Task item: Copy each line of the following data that contains "Controls".

Provided data:
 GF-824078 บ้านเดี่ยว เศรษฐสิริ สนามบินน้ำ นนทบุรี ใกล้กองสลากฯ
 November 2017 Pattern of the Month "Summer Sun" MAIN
---
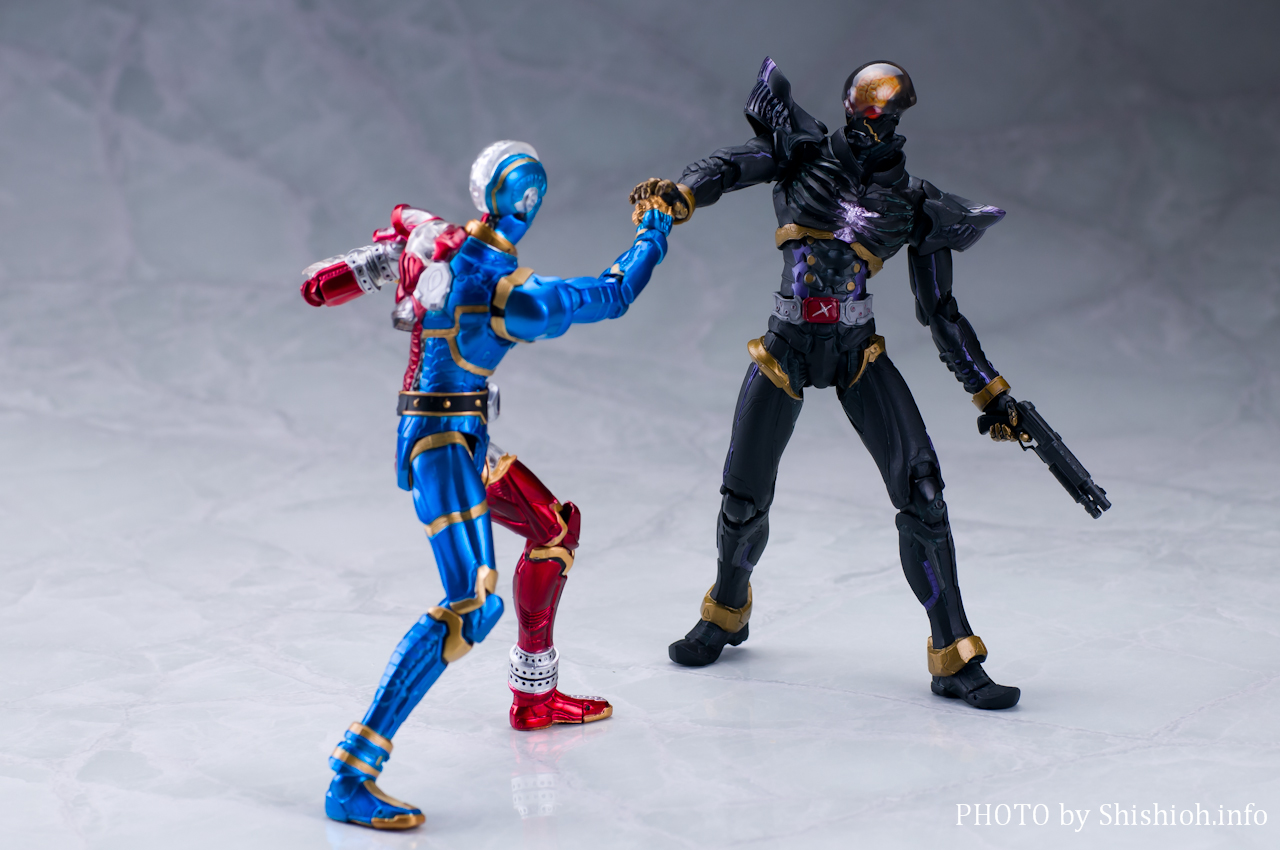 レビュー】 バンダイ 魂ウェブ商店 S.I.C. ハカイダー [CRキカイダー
* * *
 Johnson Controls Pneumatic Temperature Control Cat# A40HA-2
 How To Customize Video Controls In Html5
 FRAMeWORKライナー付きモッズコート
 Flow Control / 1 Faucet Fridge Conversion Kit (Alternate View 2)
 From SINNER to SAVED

Solved exercise:
 Johnson Controls Pneumatic Temperature Control Cat# A40HA-2
 How To Customize Video Controls In Html5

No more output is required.